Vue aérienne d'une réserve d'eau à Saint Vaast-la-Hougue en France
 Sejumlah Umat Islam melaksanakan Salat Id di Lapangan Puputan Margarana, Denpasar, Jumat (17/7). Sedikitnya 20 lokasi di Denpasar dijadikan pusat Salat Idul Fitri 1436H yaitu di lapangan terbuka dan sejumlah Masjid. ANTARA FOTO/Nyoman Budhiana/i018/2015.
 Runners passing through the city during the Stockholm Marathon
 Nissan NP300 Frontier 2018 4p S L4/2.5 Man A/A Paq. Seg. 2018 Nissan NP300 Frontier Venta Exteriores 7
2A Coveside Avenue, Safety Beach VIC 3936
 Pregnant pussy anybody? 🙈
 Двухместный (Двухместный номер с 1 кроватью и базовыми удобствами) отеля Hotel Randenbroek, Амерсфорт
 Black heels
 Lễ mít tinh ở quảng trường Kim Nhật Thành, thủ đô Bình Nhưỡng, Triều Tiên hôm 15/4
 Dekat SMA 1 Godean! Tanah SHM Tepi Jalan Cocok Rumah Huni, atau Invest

» **Required action**
Set down all of the lines above without altering a word.

» **Task output**
Vue aérienne d'une réserve d'eau à Saint Vaast-la-Hougue en France
 Sejumlah Umat Islam melaksanakan Salat Id di Lapangan Puputan Margarana, Denpasar, Jumat (17/7). Sedikitnya 20 lokasi di Denpasar dijadikan pusat Salat Idul Fitri 1436H yaitu di lapangan terbuka dan sejumlah Masjid. ANTARA FOTO/Nyoman Budhiana/i018/2015.
 Runners passing through the city during the Stockholm Marathon
 Nissan NP300 Frontier 2018 4p S L4/2.5 Man A/A Paq. Seg. 2018 Nissan NP300 Frontier Venta Exteriores 7
2A Coveside Avenue, Safety Beach VIC 3936
 Pregnant pussy anybody? 🙈
 Двухместный (Двухместный номер с 1 кроватью и базовыми удобствами) отеля Hotel Randenbroek, Амерсфорт
 Black heels
 Lễ mít tinh ở quảng trường Kim Nhật Thành, thủ đô Bình Nhưỡng, Triều Tiên hôm 15/4
 Dekat SMA 1 Godean! Tanah SHM Tepi Jalan Cocok Rumah Huni, atau Invest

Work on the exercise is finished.